--- MATERIAL PROVIDED Enclosed Below ---
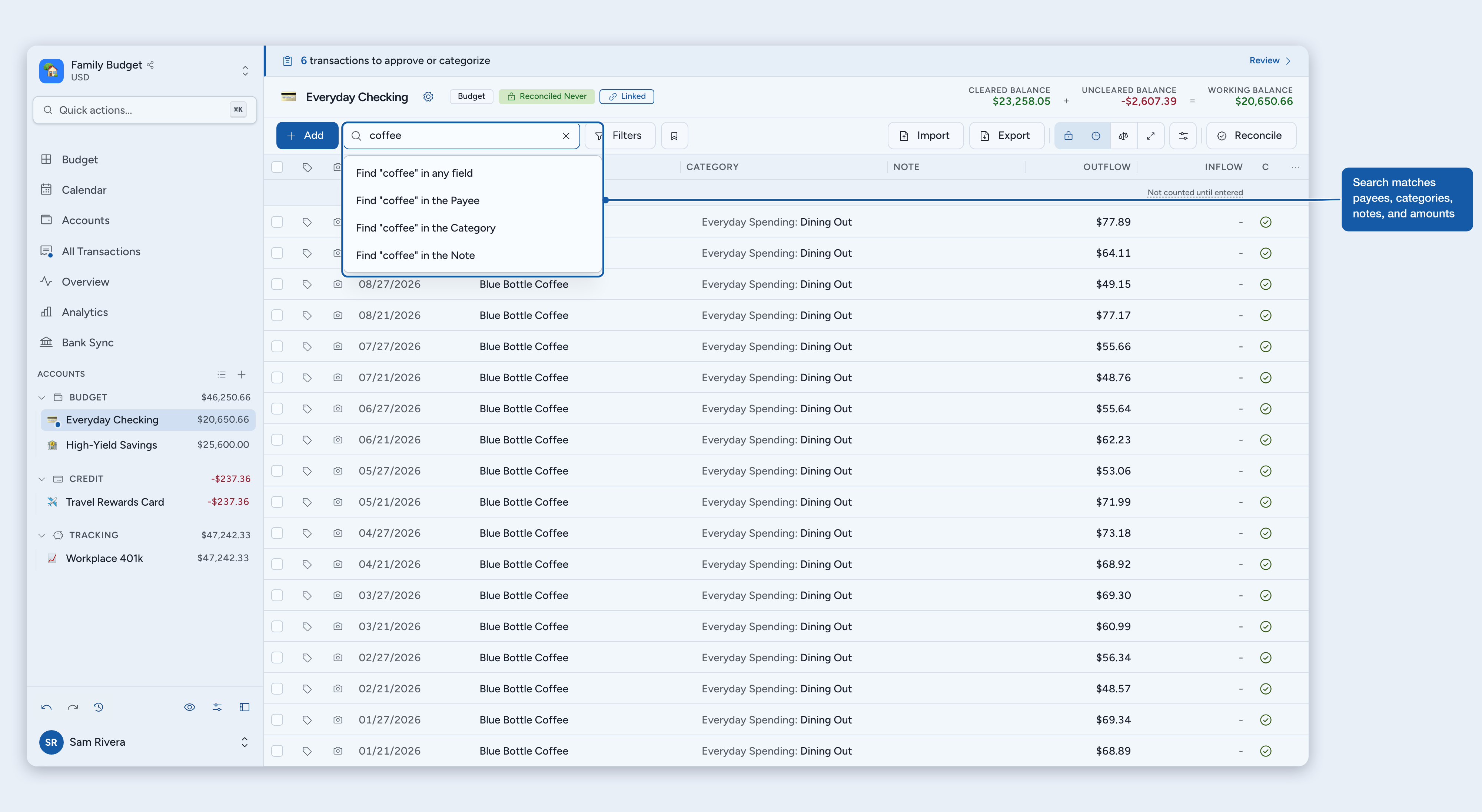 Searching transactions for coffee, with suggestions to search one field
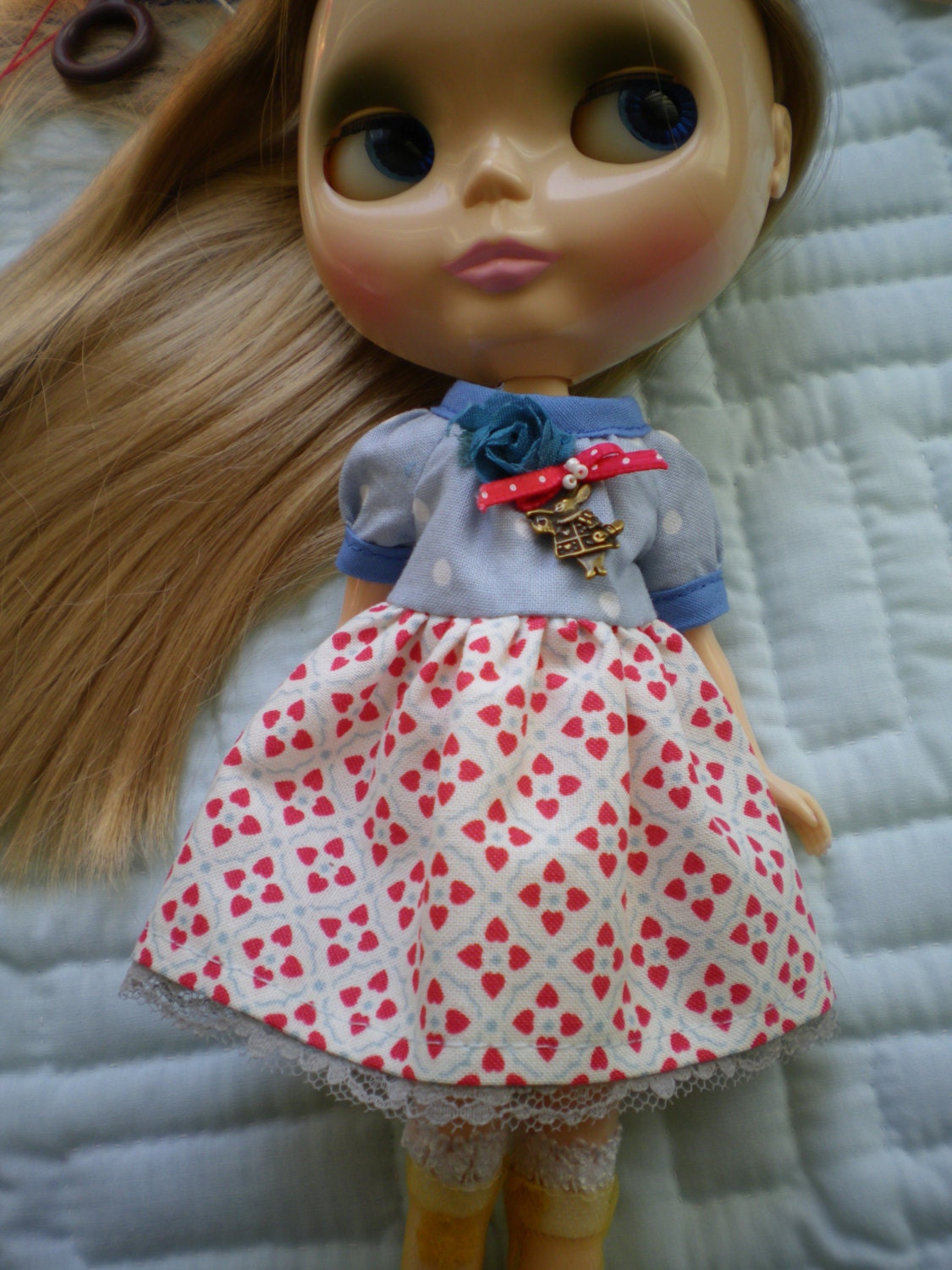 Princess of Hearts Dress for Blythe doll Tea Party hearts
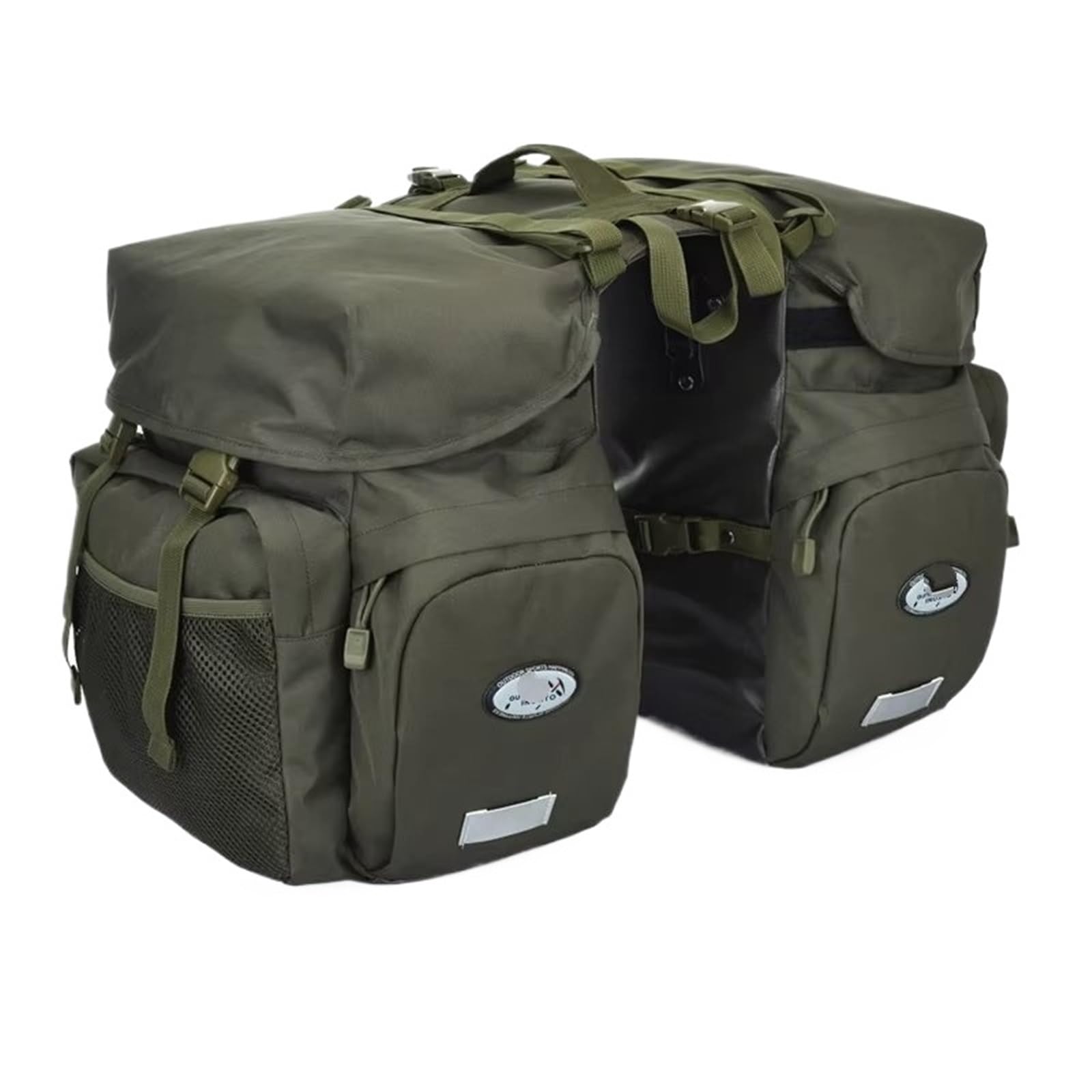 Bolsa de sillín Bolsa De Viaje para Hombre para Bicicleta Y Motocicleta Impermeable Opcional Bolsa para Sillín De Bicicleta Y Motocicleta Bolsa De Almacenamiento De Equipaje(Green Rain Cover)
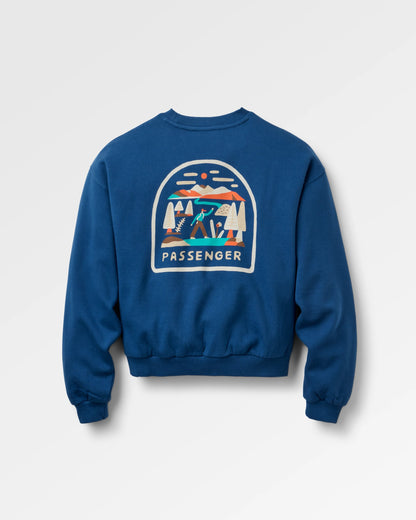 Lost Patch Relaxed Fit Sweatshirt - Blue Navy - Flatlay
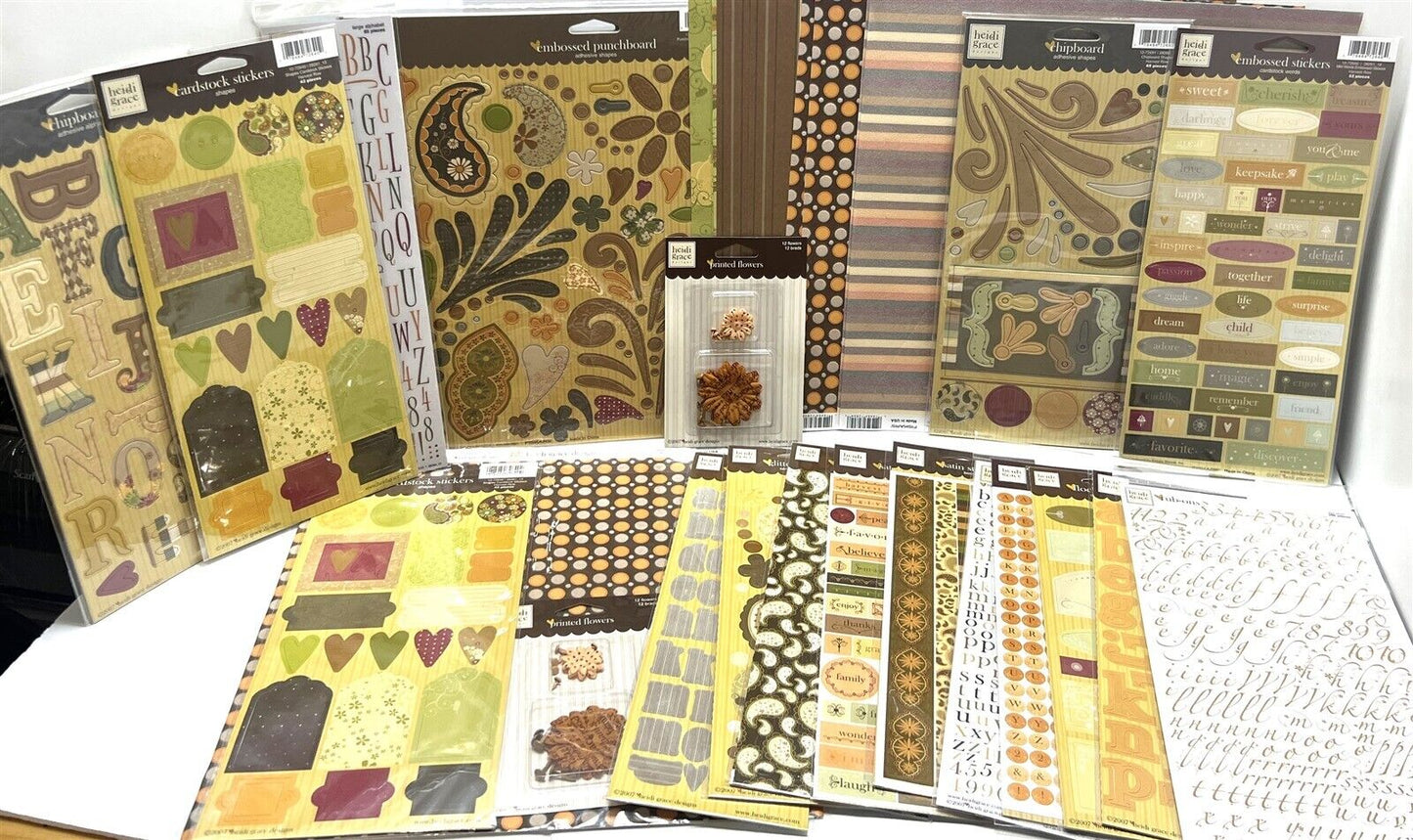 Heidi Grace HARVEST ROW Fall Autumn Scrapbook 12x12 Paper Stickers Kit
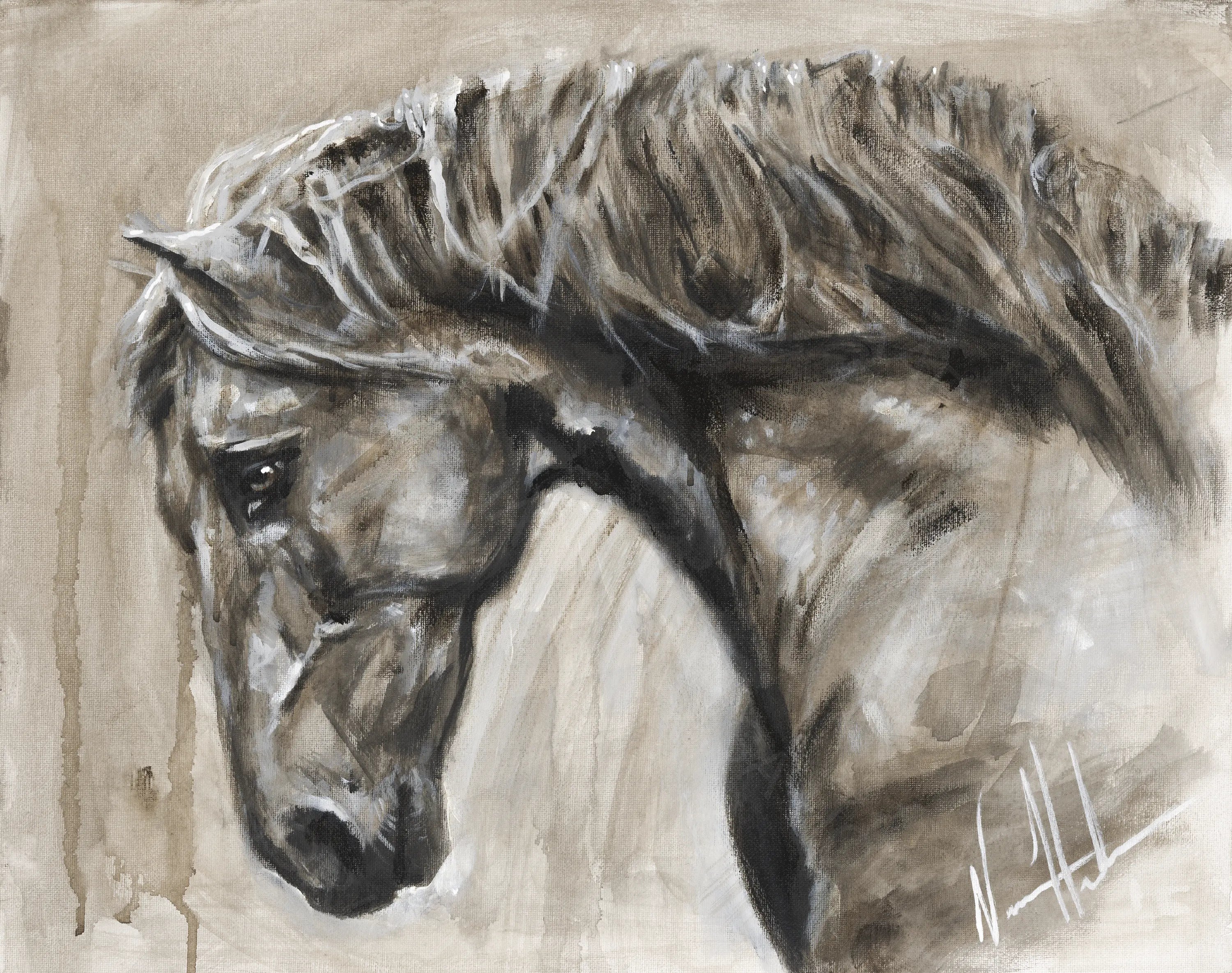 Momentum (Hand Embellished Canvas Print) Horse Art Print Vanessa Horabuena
--- End of Enclosed MATERIAL PROVIDED ---
ABOUT THIS TASK – Copy out the lines above unchanged. Skip the images.

ANSWER SPACE –
 Searching transactions for coffee, with suggestions to search one field
 Princess of Hearts Dress for Blythe doll Tea Party hearts
 Bolsa de sillín Bolsa De Viaje para Hombre para Bicicleta Y Motocicleta Impermeable Opcional Bolsa para Sillín De Bicicleta Y Motocicleta Bolsa De Almacenamiento De Equipaje(Green Rain Cover)
 Lost Patch Relaxed Fit Sweatshirt - Blue Navy - Flatlay
 Heidi Grace HARVEST ROW Fall Autumn Scrapbook 12x12 Paper Stickers Kit
 Momentum (Hand Embellished Canvas Print) Horse Art Print Vanessa Horabuena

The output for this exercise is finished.